The National Commission for Women has moved the Supreme Court against the Bombay High Court verdict that had held that groping a child’s breasts without “skin-to-skin contact” does not amount to sexual assault under the Protection of Children from Sexual Offences Act, Bar and Bench reported on Thursday.

The NCW has said the interpretation of the High Court that physical contact means “skin-to-skin touch” is perverse and bad in law.

“From a plain reading of relevant provision, it is clear that “sexual assault” in terms of Section 7, POCSO Act, is predominantly a touch by the offender,” the plea said. “If an accused touches a victim [or a victim’s body part] with sexual intent then the act of “sexual assault” is complete. There can be no further classification of contact, i.e. skin to skin contact.”

The petition added that physical contact cannot be given an absurd interpretation of a touch or contact without clothes.
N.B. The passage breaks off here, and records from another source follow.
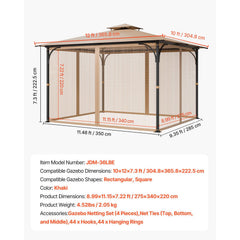 Gazebo Netting Replacement, Fit Most 10 x 12 x 7.3 FT Gazebo, Outdoor Garden Gazebo Net, 4-Panel Sidewall Mesh Gazebo Curtain, Patio Midge Netting with Double Zipper, Canopy Screen (Netting Only)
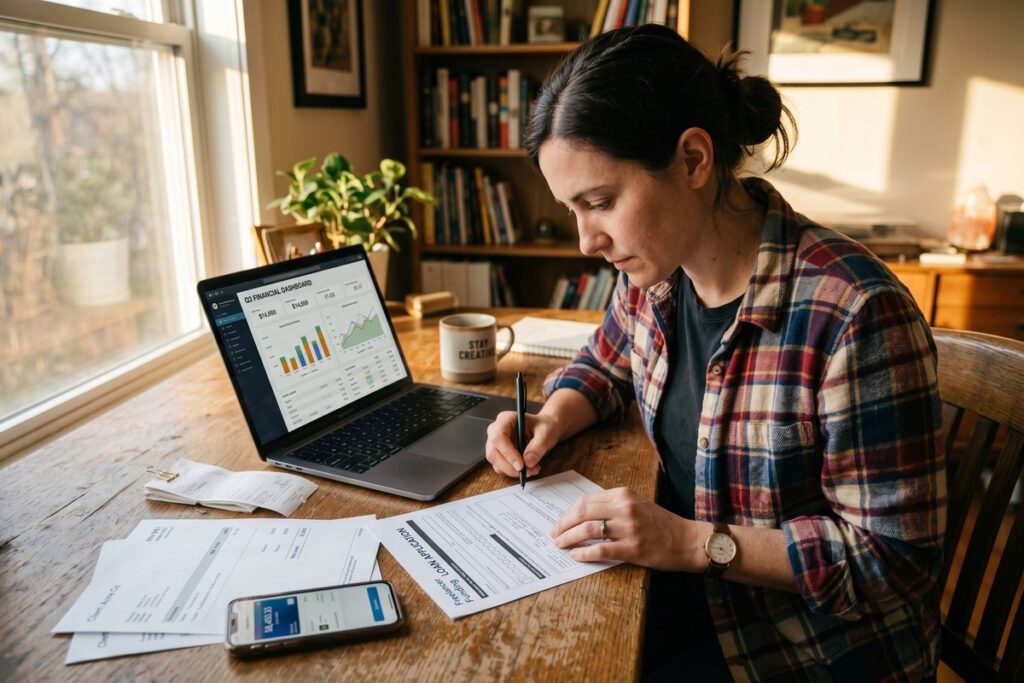 Freelancer reviewing short-term loan options on laptop with financial documents showing irregular income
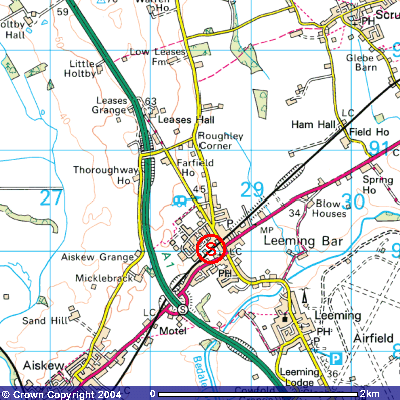 location map of Leeming Bar station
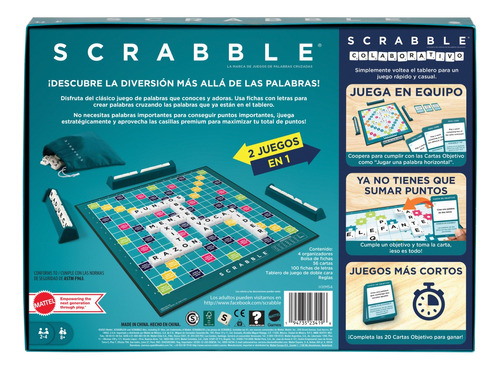Scrabble Juego De Mesa 2 En 1 Colaborativo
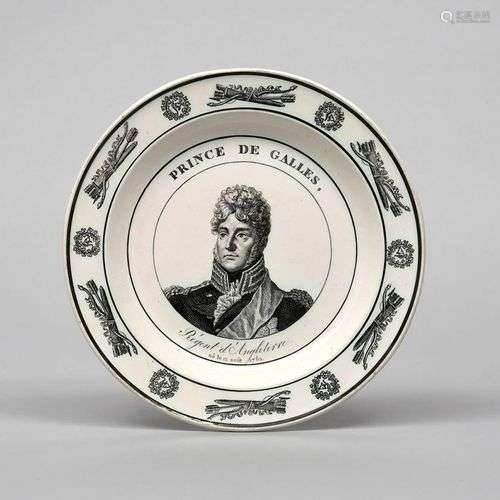 PRINCE REGENT Assiette en faïence de Choisy, c.1815, imprimé...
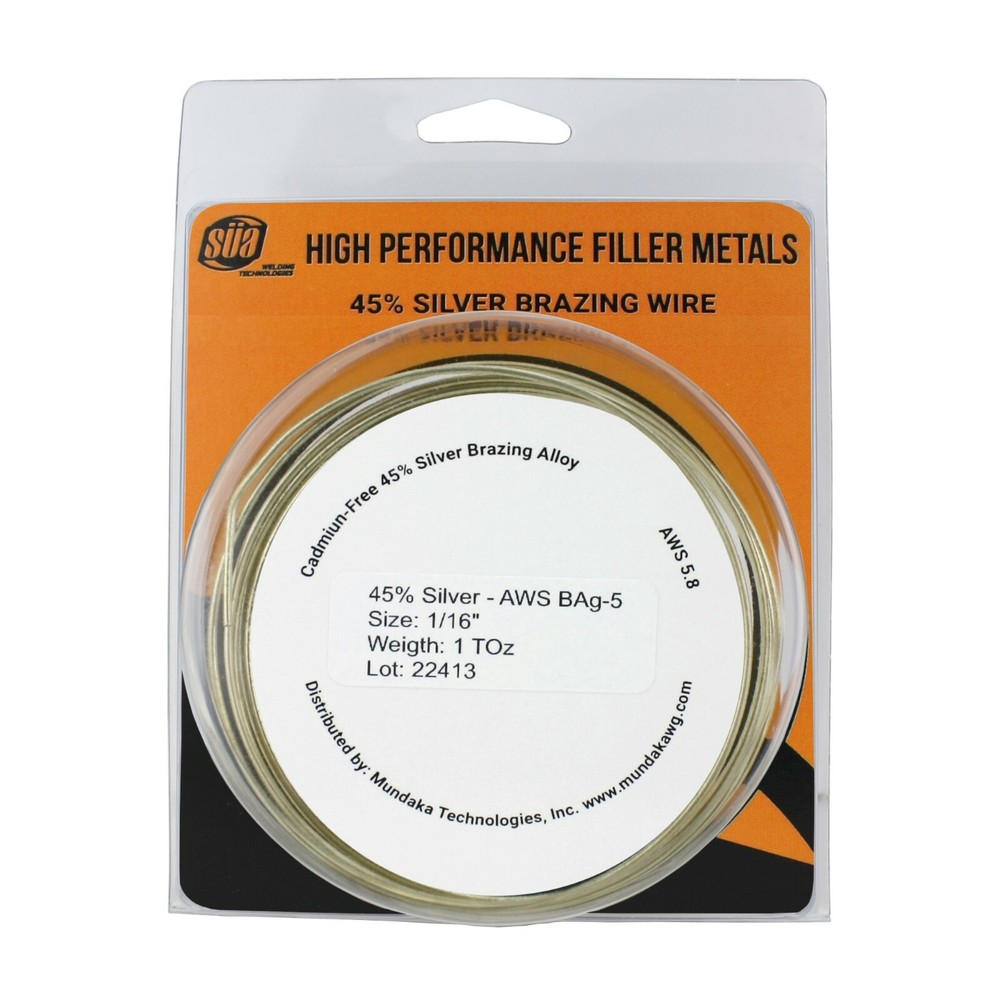SÜA – Silver Brazing Solder Wire – 45% – AWS BAg-5 – Size: 1/16″ (1, 3 or 5 TOz)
Section 7 of the POCSO Act states: “Whoever, with sexual intent touches the vagina, penis, anus or breast of the child or makes the child touch the vagina, penis, anus or breast of such person or any other person, or does any other act with sexual intent which involves physical contact without penetration, is said to commit sexual assault.”

In a judgement passed on January 19, a single bench of Justice Pushpa Ganediwala had ruled that groping a minor’s breast without removing their top did not fall into the category of sexual assault defined under Section 7 of the Act. She had, however, said that the act would fall within the ambit of Section 354 of the Indian Penal Code, which criminalises outraging the modesty of a woman.

The accused in the case had allegedly taken a 12-year-old to his house on the pretext of giving her guava, and pressed her breast and attempted to remove her salwar. The accused was convicted by the trial court for offences punishable under POCSO Act and the Indian Penal Code. He had approached the High Court challenging the conviction.

The Supreme Court had on January 27 stayed Justice Ganediwala’s order. Attorney General of India KK Venugopal had submitted that the judgement was “unprecedented” and “is likely to set a dangerous precedent”.

On January 25, the National Commission for Protection of Child Rights had implored the Maharashtra government to file an urgent appeal against the Bombay High Court’s interpretation of what constitutes as sexual assault of a minor. The children’s rights body said the language of the judgement needed to be reviewed at the earliest as it was derogatory to the minor.

Several activists and child rights bodies had criticised the judgement, terming it “absolutely unacceptable, outrageous and obnoxious”.

Days later, Justice Ganediwala had ruled that holding a minor’s hands and unzipping one’s pants in front of a minor will not fall under the definition of sexual assault under the POCSO Act. However, such acts would constitute as “sexual harassment” under Section 354-A(1)(i) of the Indian Penal Code, she had said.